◆ RECORDS SHOWN ◆
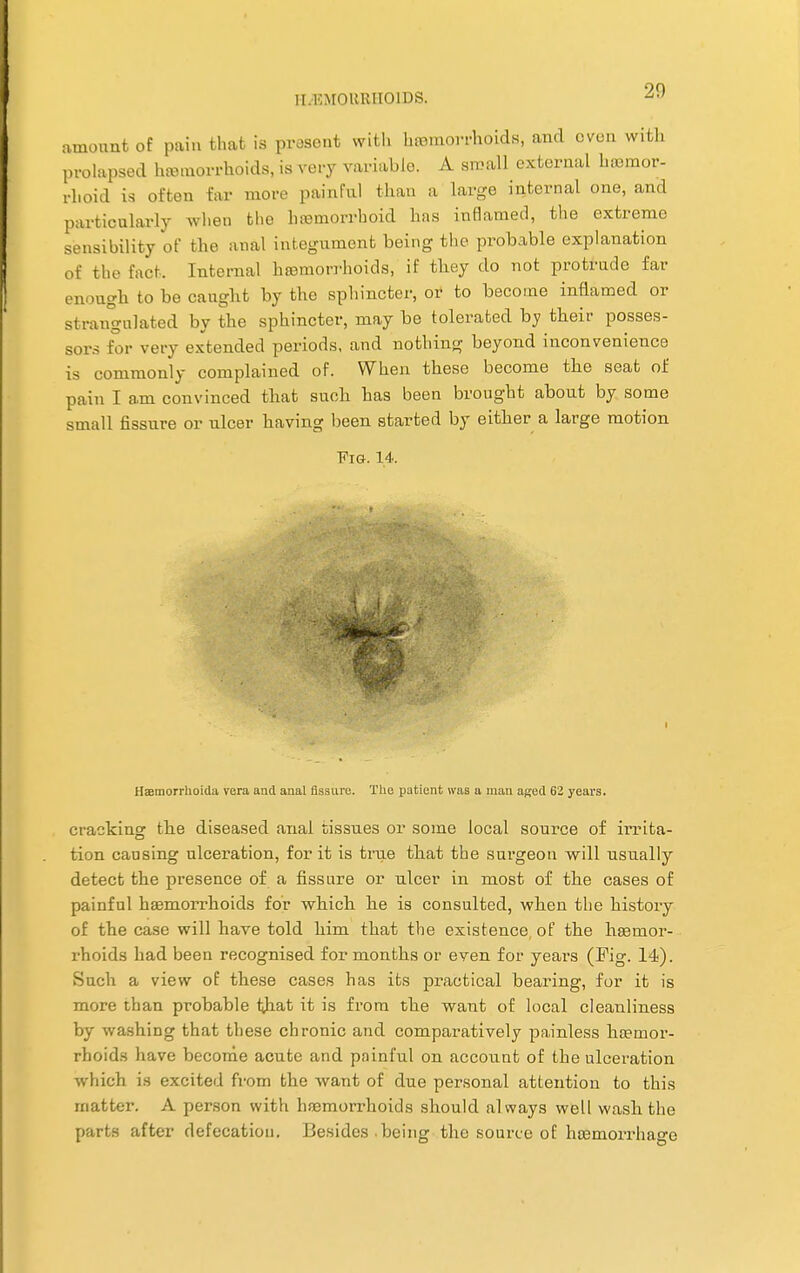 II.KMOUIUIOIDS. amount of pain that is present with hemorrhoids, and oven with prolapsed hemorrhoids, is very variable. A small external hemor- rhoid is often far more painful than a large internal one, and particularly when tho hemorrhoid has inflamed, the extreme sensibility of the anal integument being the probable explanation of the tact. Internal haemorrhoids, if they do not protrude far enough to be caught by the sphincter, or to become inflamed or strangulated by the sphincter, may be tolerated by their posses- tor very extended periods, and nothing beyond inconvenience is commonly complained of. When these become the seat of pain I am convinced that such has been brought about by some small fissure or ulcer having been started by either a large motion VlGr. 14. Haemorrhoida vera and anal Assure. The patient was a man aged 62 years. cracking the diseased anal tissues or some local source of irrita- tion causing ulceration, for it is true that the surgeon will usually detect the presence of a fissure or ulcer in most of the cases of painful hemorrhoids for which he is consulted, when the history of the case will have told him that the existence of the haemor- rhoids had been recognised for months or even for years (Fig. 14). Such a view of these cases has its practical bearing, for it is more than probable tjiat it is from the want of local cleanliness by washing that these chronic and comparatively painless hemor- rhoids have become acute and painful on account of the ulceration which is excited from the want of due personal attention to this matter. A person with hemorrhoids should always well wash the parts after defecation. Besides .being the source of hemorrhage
---
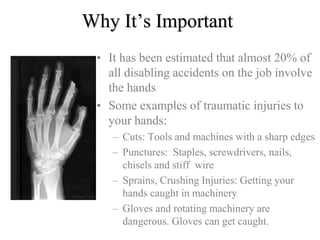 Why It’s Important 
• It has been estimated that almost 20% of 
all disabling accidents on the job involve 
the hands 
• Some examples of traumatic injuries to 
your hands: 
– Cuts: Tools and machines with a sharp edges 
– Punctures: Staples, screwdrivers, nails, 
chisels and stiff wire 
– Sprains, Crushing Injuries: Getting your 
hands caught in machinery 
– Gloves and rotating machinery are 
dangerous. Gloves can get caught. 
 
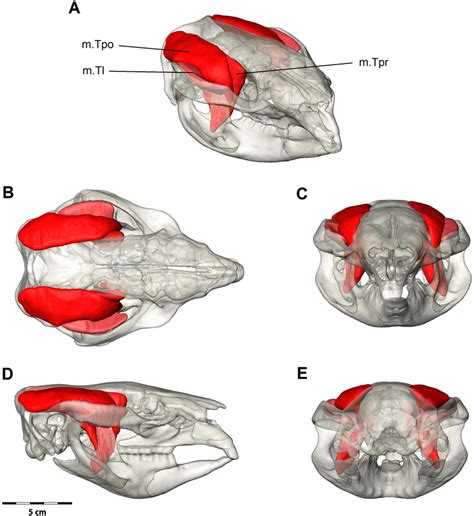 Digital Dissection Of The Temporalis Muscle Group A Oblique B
==
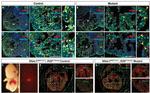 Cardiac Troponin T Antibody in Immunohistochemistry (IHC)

◆ WHAT YOU WILL DO ◆
In the listing above, find the line holding "hands caught in machinery" and the line holding "Digital Dissection Of". Reproduce those two lines and all between them exactly, leaving out pictures.

◆ RESULT OF THIS EXERCISE ◆
hands caught in machinery 
– Gloves and rotating machinery are 
dangerous. Gloves can get caught. 
 
 Digital Dissection Of The Temporalis Muscle Group A Oblique B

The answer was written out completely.